L’énorme rumeur

Jean-Euphèle Mil

Mieux que les autres, nous avons su élever le principe de la parenthèse vite refermée en art. Il y a un mois, la République, plus terrorisée qu’indignée, s’accrochait à son flux de jérémiades et de protestations pour suggérer (rien que cela) aux pouvoirs publics de rendre justice à Me Dorval abattu chez lui, comme un spécimen d’un espèce nuisible. À éradiquer.

L’émoi est, en effet, un paravent opaque destiné en Haïti, depuis quelque temps, à cacher la faiblesse du sens dans nos rapports avec la vie et avec la dignité. Le droit, garanti par la Constitution, de parler, d’écrire, de faire du vacarme, d’exprimer son désaccord et de protester avec conviction ne garantit aucunement le besoin de protéger la société contre cet effondrement qui la menace.
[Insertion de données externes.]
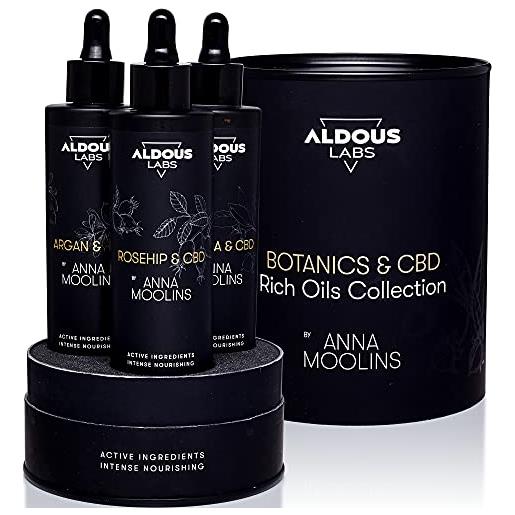 Aldous Labs set regalo bellezza: olio di argan, olio di jojoba e olio di rosa mosqueta puro 100% prodotti con cbd | spremuti a freddo, vegani | formula avanzata | viso, capelli, pelle | botanics & cbd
Le risque, sept fois en vérité, est réel.

Ce n’est pas un hasard si les réactions relatives à l’exécution bête et stupide de l’étudiant Grégory Saint-Hilaire ont ce côté très calculé, comme si la mort, même brutale et dans les conditions que l’on connaît, n’échappe pas aux formules courtoises du politiquement correct.
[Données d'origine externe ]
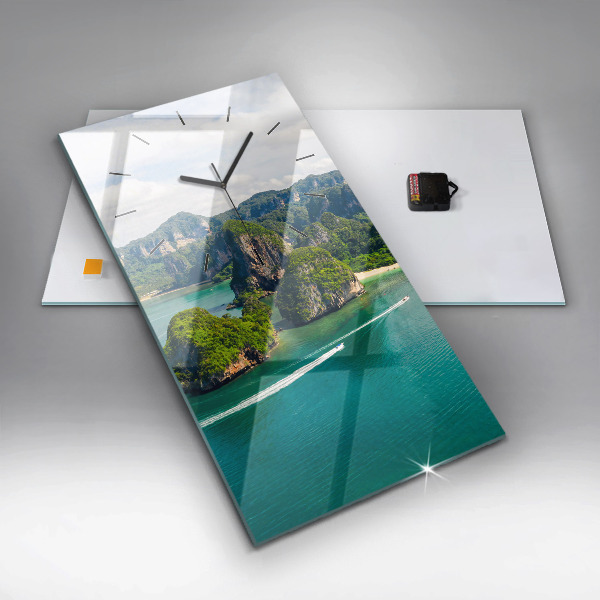 Horloge murale verticale Île en Thaïlande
Par procrastination ou par détournement malsain, les enquêtes aboutissent rarement. À chaque fois, l’oubli et le découragement dans l’attente, comme des onguents cicatrisants, aident à passer l’éponge. En attendant, la prochaine indignation quand ce n’est pas une rumeur. Construire une société de bien-être est devenu une idée obsolète. Le courage des uns en situation de révolte et l’instinct meurtrier des autres ne suffisent pas. Nous sommes encore loin du pays rêvé.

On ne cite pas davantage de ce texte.